Lately I’ve been looking for comps for my Middle Grade historical fiction novel, and I found a nifty tool to help me- -Amazon.com. The search function allows for many levels of detail and I was able to drill down to Books>Children’s Books>Literature and Fiction>Historical Fiction>United States>1800s. I was not surprised to find the much-loved “Little House” titles by Laura Ingalls Wilder in the top 100 of this classification, and while I’m happy to tell potential editors and agents that my book, Mary Benton, A Pioneer Girl, is a combination of the “Little House” books and Jane Eyre, most of them would roll their eyes at my audacity. Imagine my relief when I found Caddie Woodlawn (Carol Ryrie Brink (© 1935), Across the Wide and Lonesome Prairie, The Oregon Trail Diary of Hattie Campbell (Kristiana Gregory © 1997, Scholastic) and The Evolution of Calpurnia Tate (Jacqueline Kelly © 2009 Henry Holt).
Caddie Woodlawn was inspired by stories the author’s grandmother told her about her own childhood. Set in frontier Wisconsin in 1864-65, one year in a young girl’s life takes her from all-out tomboy to a more girlish frame of mind. Caddie is long on guts and daring and stands up for what she thinks is right. This book won the 1937 Newberry Award. As of this writing, Caddie Woodlawn is #16 in the Amazon category detailed above.
Across the Wide and Lonesome Prairie is the imagined diary of a young girl crossing the Oregon Trail in 1847. The heroine, Hattie Campbell, experiences a rugged six-month trip, filled with events that ring true when compared to the contemporary diaries of real people. Romance enters when Hattie’s 14-year-old friend gets married during the crossing. Hattie, too, longs for someone to love her in that way. This book is presently #203 in my search category but was in the top 100 a couple of weeks ago (oh fickle Amazon!).

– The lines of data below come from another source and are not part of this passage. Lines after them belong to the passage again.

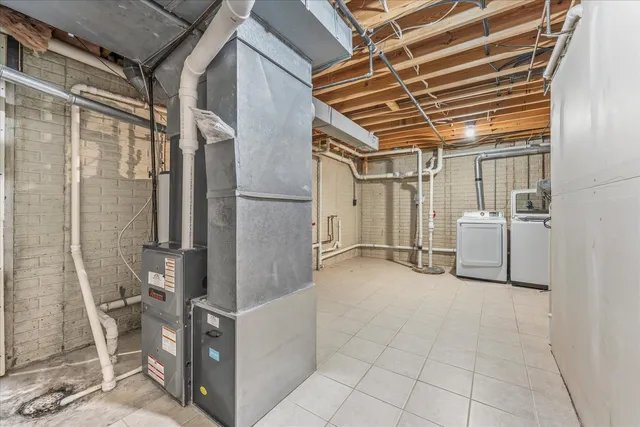 $785,000 | 302 County Road 2650 North, Mahomet, IL 61853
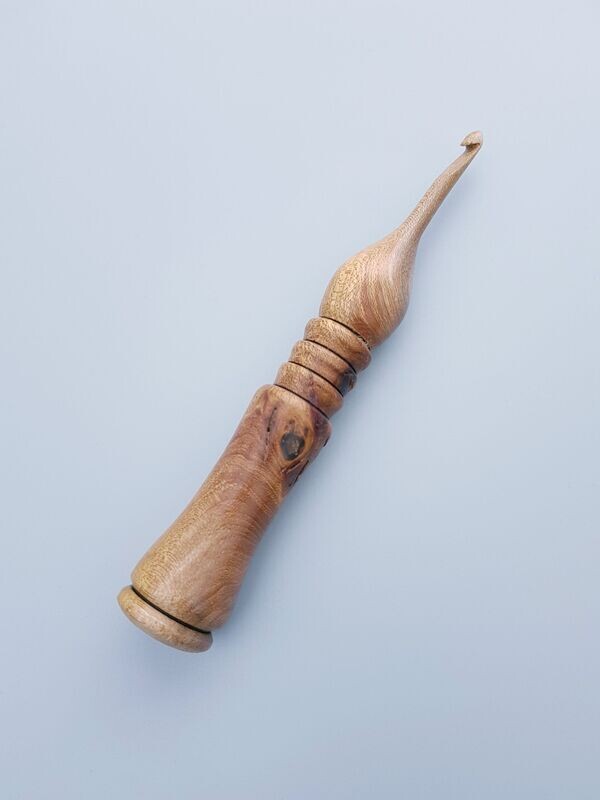 5.25mm Crochet Hook in Elm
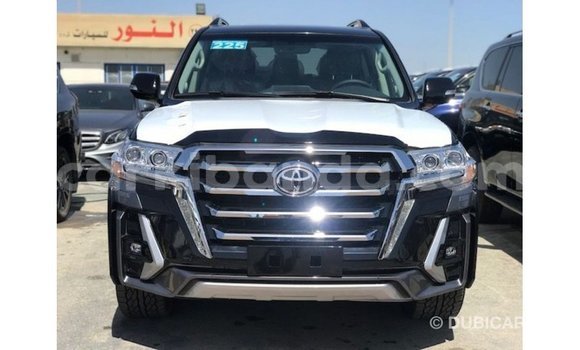 Nunua Imported Toyota Land Cruiser Nyeusi Gari ndani ya Import - Dubai nchini Uganda Nunua Imported Toyota Land Cruiser Nyeusi Gari ndani ya Import - Dubai nchini Uganda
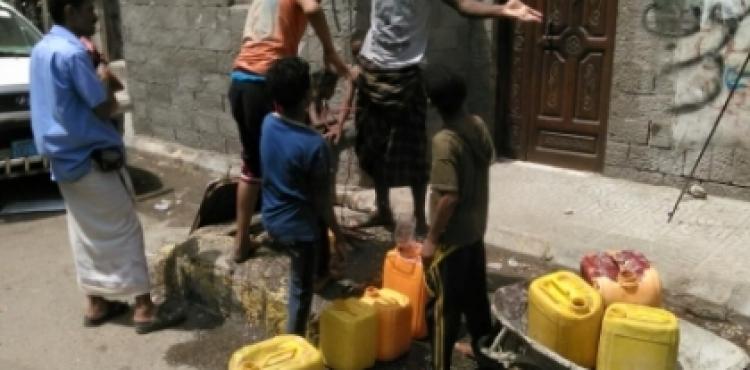 جانب من أزمة المياه بعدن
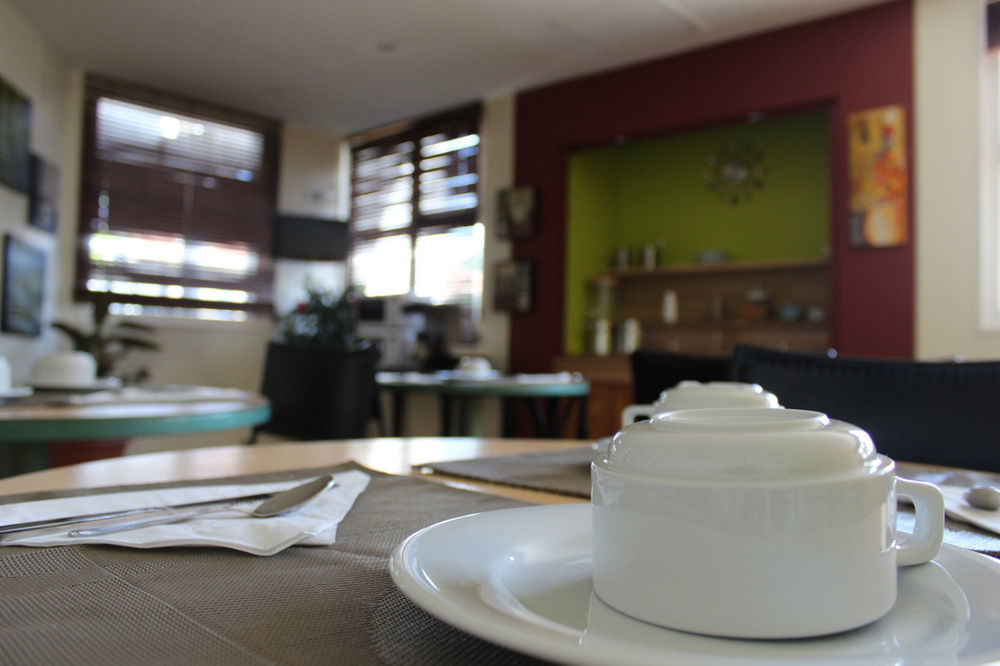 Wink Hotel Juvisy Esterno foto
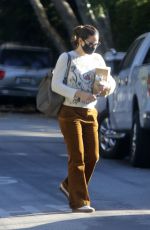 JENNIFER GARNER Out and About in Brentwood 12/03/2020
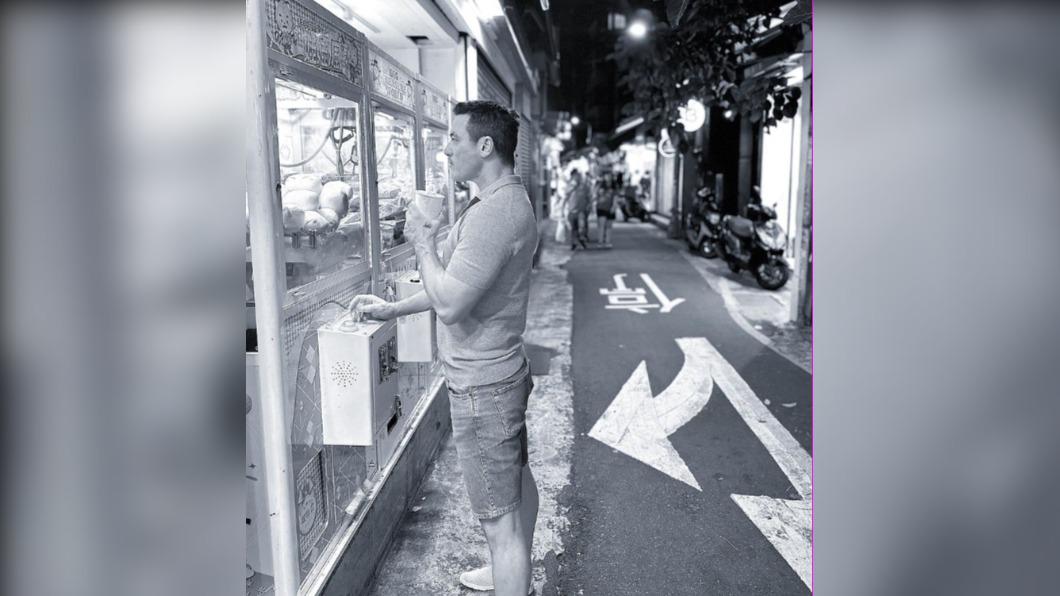 路克現身師大夜市。(圖 / 翻攝自@thereallukeevans IG)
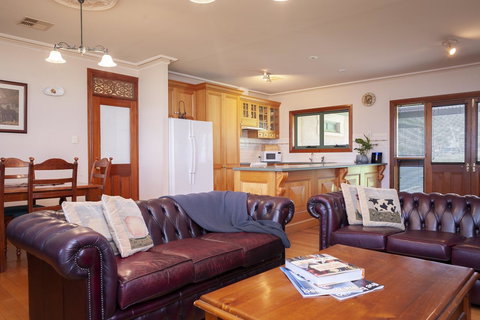 Angaston Saleyards Luxury Accommodation - Redcliffe Tourism 5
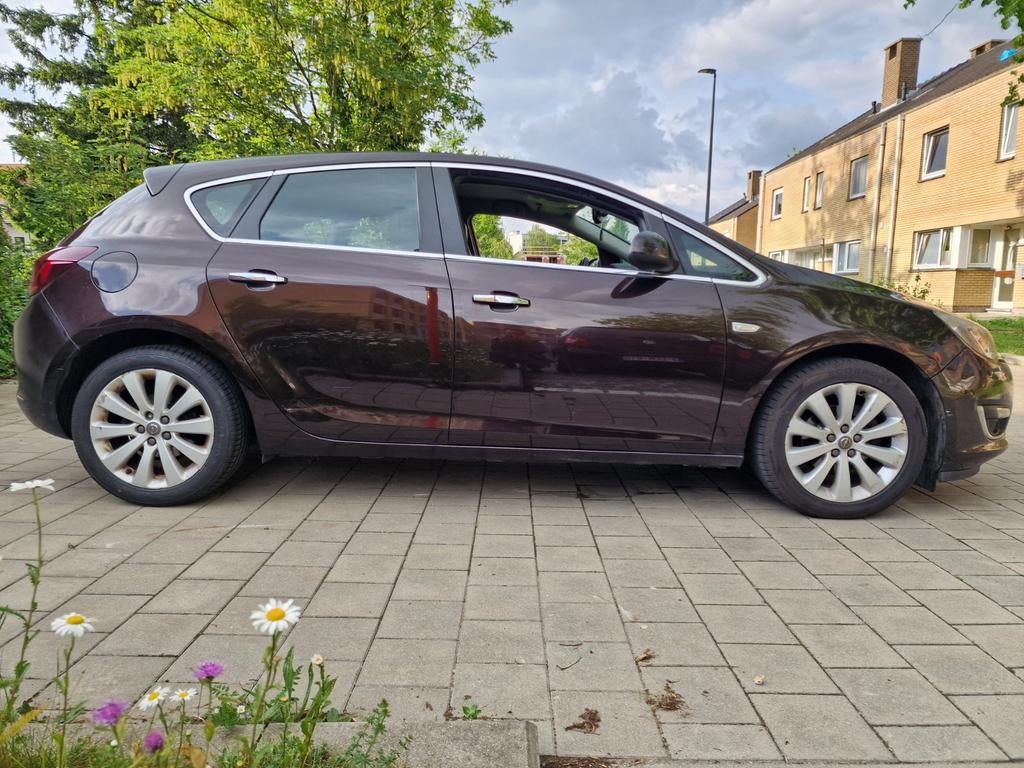 Opel astra 2013 benzine 1.4 Turbo met 141000 GEKEURD VOOR VE, Auto's, Euro 5, Handgeschakeld, Astra, 1362 cc
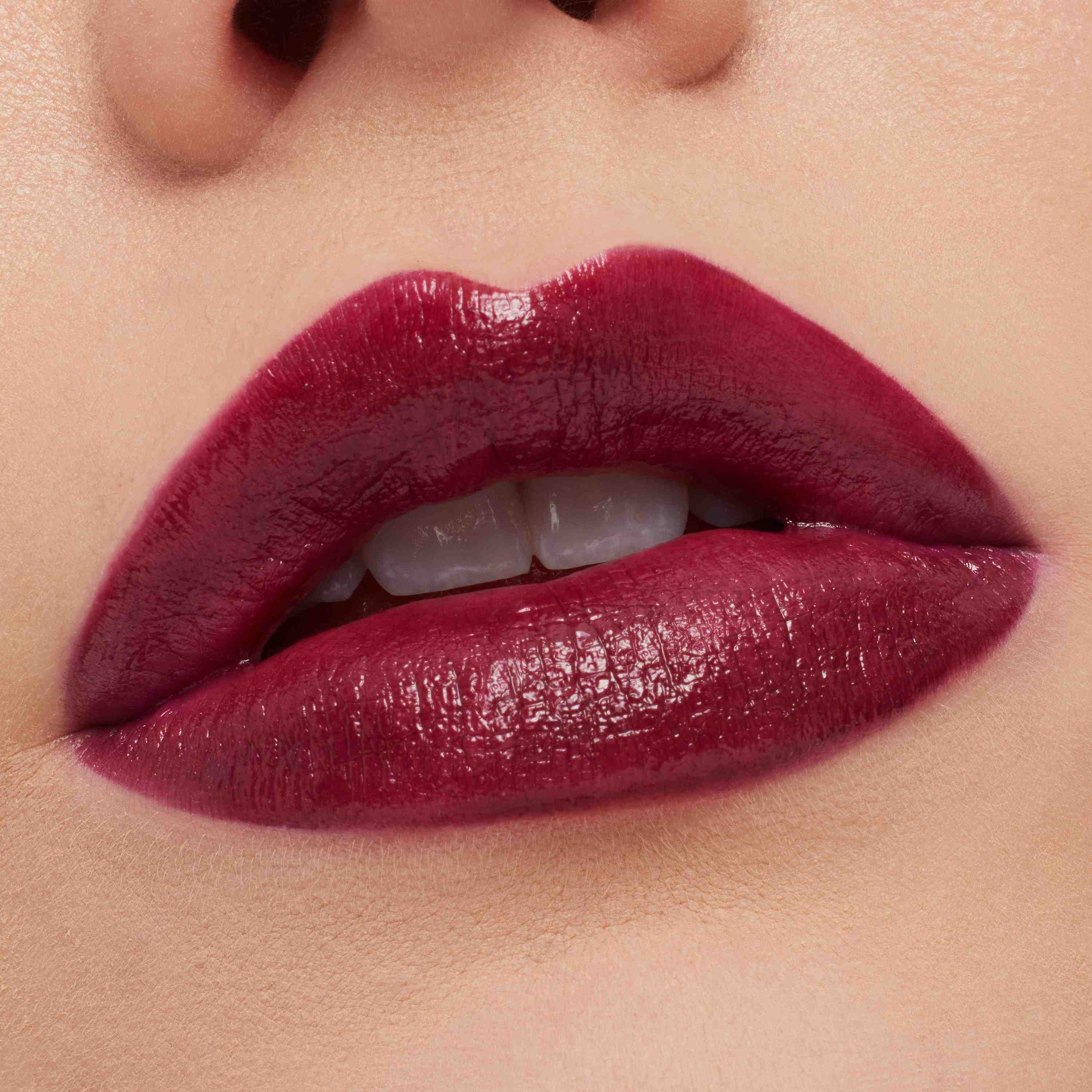 MACximal Satin Lipstick • Rebel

The Evolution of Calpurnia Tate has a sequel as of July 2015, so it’s possible you’ve heard of it or even read it. Calpurnia builds a fascinating bond with her grandfather in the pursuit of scientific observation and discovery. The story takes place at the turn of the 20th century, with many new inventions and ideas on the horizon, including more career options for women. Calpurnia longs to be a scientist, not a housewife. The possibility (figuratively) balances on the edge of a knife blade by the book’s end. Calpurnia’s story is, at the moment, #18.
Girls grow up in a changing world, learning about themselves as they move forward. Will they choose love or career or a mixture of both as compromise lurks hungrily in the background? I haven’t been an official Middle Grade reader since the 1970s, but I can still relate.